• [Required work]: Give the records below again in full, exactly as written, but without any images.

.....

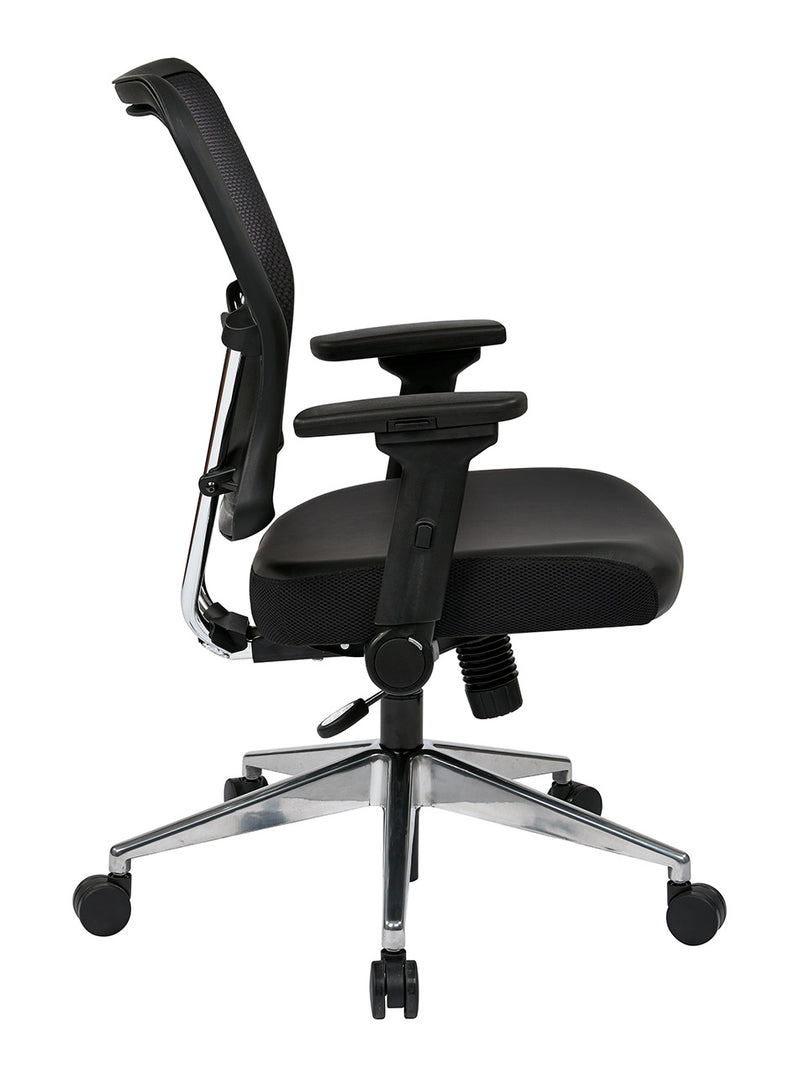 Office Star Products - Air Grid Back and Bonded Leather Seat Chair - 213-E37P91F3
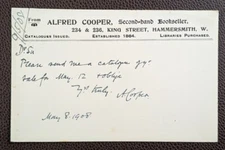 1908 Alfred Cooper Second-hand Bookseller King Street Hammersmith Postcard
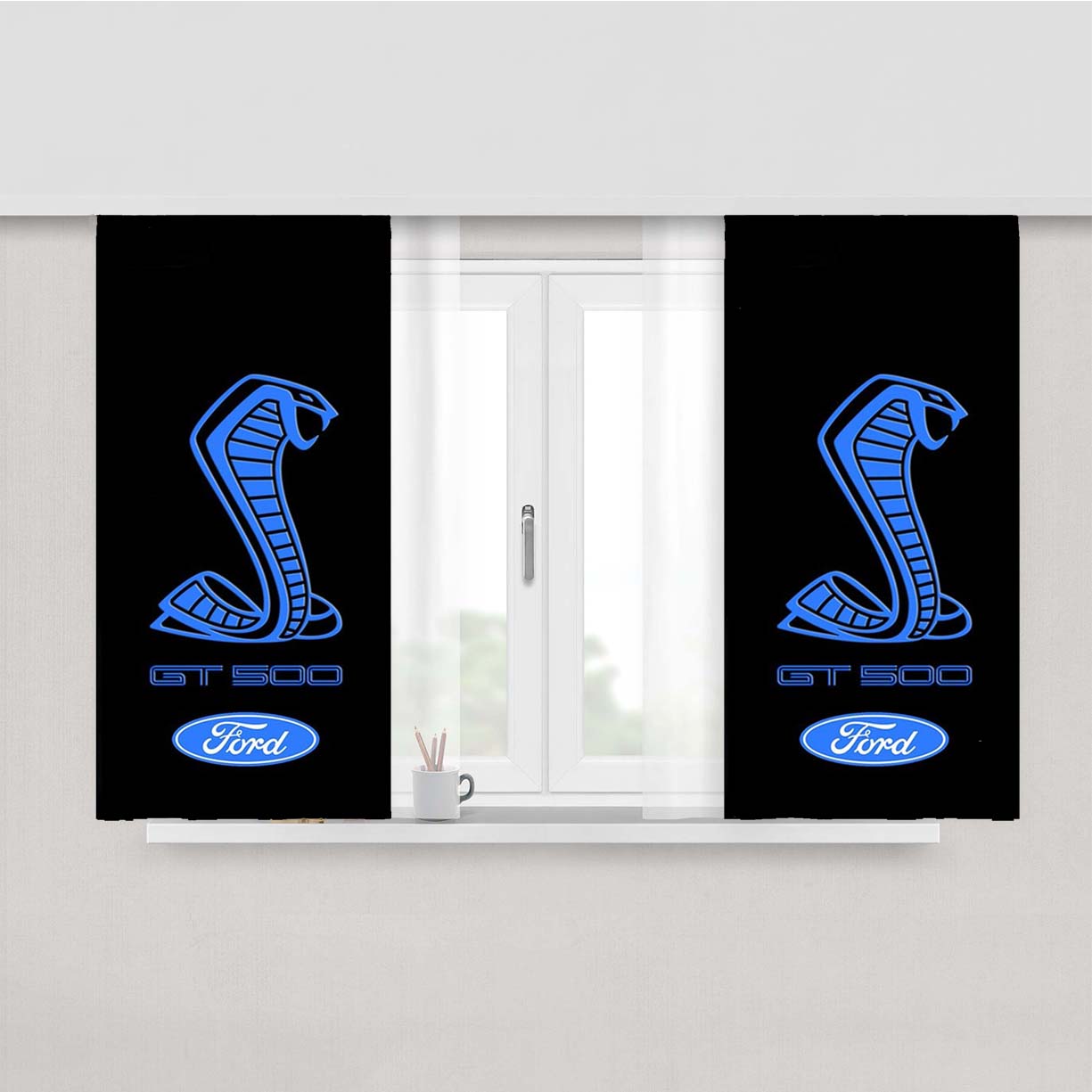 Ford Mustang Shelby Cobra Gt 500 Peach Skin Window Curtains
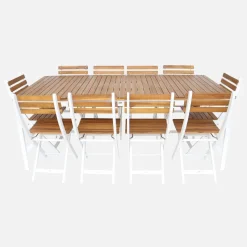 Conjunto de jardim com mesa em madeira de acácia com cantos arredondados com 10 cadeiras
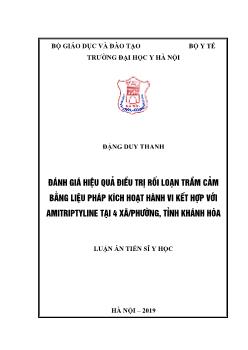 Luận án Đánh giá hiệu quả điều trị rối loạn trầm cảm bằng liệu pháp kích hoạt hành vi kết hợp với amitriptyline tại 4 xã / phường, tỉnh Khánh Hòa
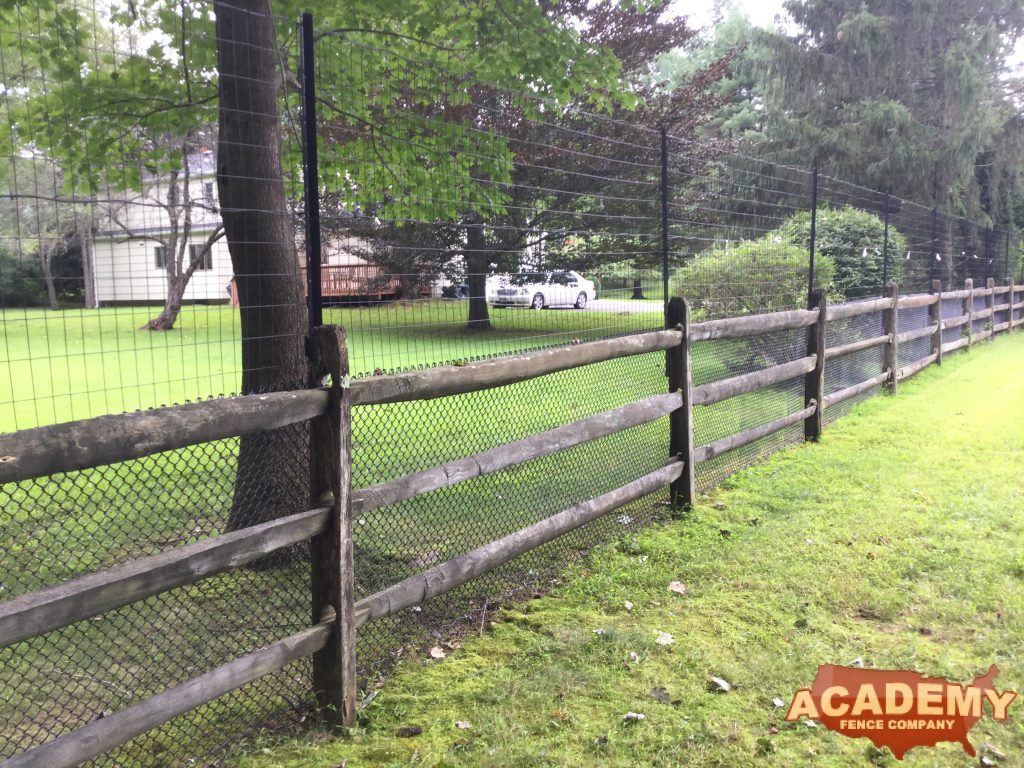 Post and Rail Rustic Farm Fence Deer Fence Welded Wire Fence Installation Academy Fence Company Residential Mendham Borough Morris County New Jersey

.....

• [Answer section]:
 Office Star Products - Air Grid Back and Bonded Leather Seat Chair - 213-E37P91F3
 1908 Alfred Cooper Second-hand Bookseller King Street Hammersmith Postcard
 Ford Mustang Shelby Cobra Gt 500 Peach Skin Window Curtains
 Conjunto de jardim com mesa em madeira de acácia com cantos arredondados com 10 cadeiras
 Luận án Đánh giá hiệu quả điều trị rối loạn trầm cảm bằng liệu pháp kích hoạt hành vi kết hợp với amitriptyline tại 4 xã / phường, tỉnh Khánh Hòa
 Post and Rail Rustic Farm Fence Deer Fence Welded Wire Fence Installation Academy Fence Company Residential Mendham Borough Morris County New Jersey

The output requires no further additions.